Fiery Keeper of the Hat
Moderator
Over the years here I've seen a lot of the same advice.

Write, keep writing, take a break and then write, write short stories, write longer stories. Follow a story structure. Track your progress. Plan out the scenes. Pants. Plan out the ending. Worldbuild. Don't worldbuild. Don't worry about this stuff. Just get your butt in your seat and write.

But I very seldom see advice on how to push yourself. How to move past your limits and grow in your writing.

What do you do to improve?

I don't mean writing exercises. I don't mean writing short stories. I don't mean "I give it to a beta reader and try to fix stuff" or "I save the editing until the end." Editing is about improving the work. And we have to find ways to grow without spending all our time doing exercises like an English student. So what do you do to improve your skills?

For example, when I write a scene, I often pick out a spot or two in the scene that really needs to hit those emotional chords. And right away I try and type something for them. And (because I dialogue, and then write, and may take a few sittings for one scene), I'll try to return to this spot and expand on or out-do what I've already written. I'll do it several times over the course of each scene, just quickly trying to push myself to do better on this one important spot.

What about you? How are you pushing yourself to improve?
 

Svrtnsse

Staff
Article Team
What about you? How are you pushing yourself to improve?
Let's take the basic things first.
1. Finish things.
2. Leave them for a while and then go back and re-read them to find where there's room for improvement. Try to figure out why, and try to learn something for it.

The above is kind of in the vein of things you said you didn't mean, though, so I'll try again...

One thing that's fascinating to me is how readers process the words on the page, and turn them into impressions and stories. How does that work? I've wouldn't say I've studied it at any depth, but I believe that just thinking about it has been very helpful. It might be a bit backwards, but it works for me.
At first, it was just about the actual text. Wordcrafting.
How or why does one word work better than another?
How much information is needed to create an image in the mind of the reader?
When is an image needed, and when can it be skipped?
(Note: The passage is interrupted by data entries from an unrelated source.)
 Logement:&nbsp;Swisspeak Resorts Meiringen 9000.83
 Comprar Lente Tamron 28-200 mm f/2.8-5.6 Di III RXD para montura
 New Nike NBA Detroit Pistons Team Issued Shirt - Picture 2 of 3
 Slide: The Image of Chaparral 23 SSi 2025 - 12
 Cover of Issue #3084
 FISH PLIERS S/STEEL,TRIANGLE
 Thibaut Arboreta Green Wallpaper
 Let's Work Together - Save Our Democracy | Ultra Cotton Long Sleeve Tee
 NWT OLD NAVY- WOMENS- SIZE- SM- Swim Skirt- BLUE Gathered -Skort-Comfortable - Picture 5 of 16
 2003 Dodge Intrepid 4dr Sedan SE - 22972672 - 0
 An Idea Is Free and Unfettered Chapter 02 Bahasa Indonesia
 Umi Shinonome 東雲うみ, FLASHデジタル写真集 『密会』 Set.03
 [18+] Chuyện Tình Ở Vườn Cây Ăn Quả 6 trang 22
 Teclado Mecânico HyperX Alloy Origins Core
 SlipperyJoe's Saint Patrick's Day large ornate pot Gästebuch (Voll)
Stuff like that. It's an ongoing process, but it's definitely had an impact on the way I write.

Later on, I started thinking about storytelling in the same way.
Mostly. what does a reader expect?
When is it right to give them what they want, and when can I swap it out for something better?

I've read about story structure and suchlike, and I understand the concept and the logic behind it, but I have a very hard time putting it into practice. It's like I'm missing some vital piece of the puzzle. Approaching it from "the other side" helped me get a better idea of how to tell a decent story, though.
 
I mean, what you're doing kind of is a writing exercise, it's just relevant to your actual story.

And I'm mostly a pantser. I don't sweat the minutiae of the writing when I'm first putting it down. (And I usually write late at night so the errors and awkward sentences that creep in can be...bonkers.) My process of learning about writing is an unending wheel of write, reread, ask self what works and what doesn't, write more, repeat. I get annoyed by something, I spend the next couple chapters figuring out how to do better. There is *always* something that annoys me about what I wrote a month ago and so I will spend a while overcompensating for whatever it is. Constant self-correction. Sometimes just swinging gently back and forth between stylistic quirks that aren't necessarily good or bad. Both Red Nights and Zacharias Wanders Dies Again got *noticeably* cleaner and better in style from the first chapter to the last.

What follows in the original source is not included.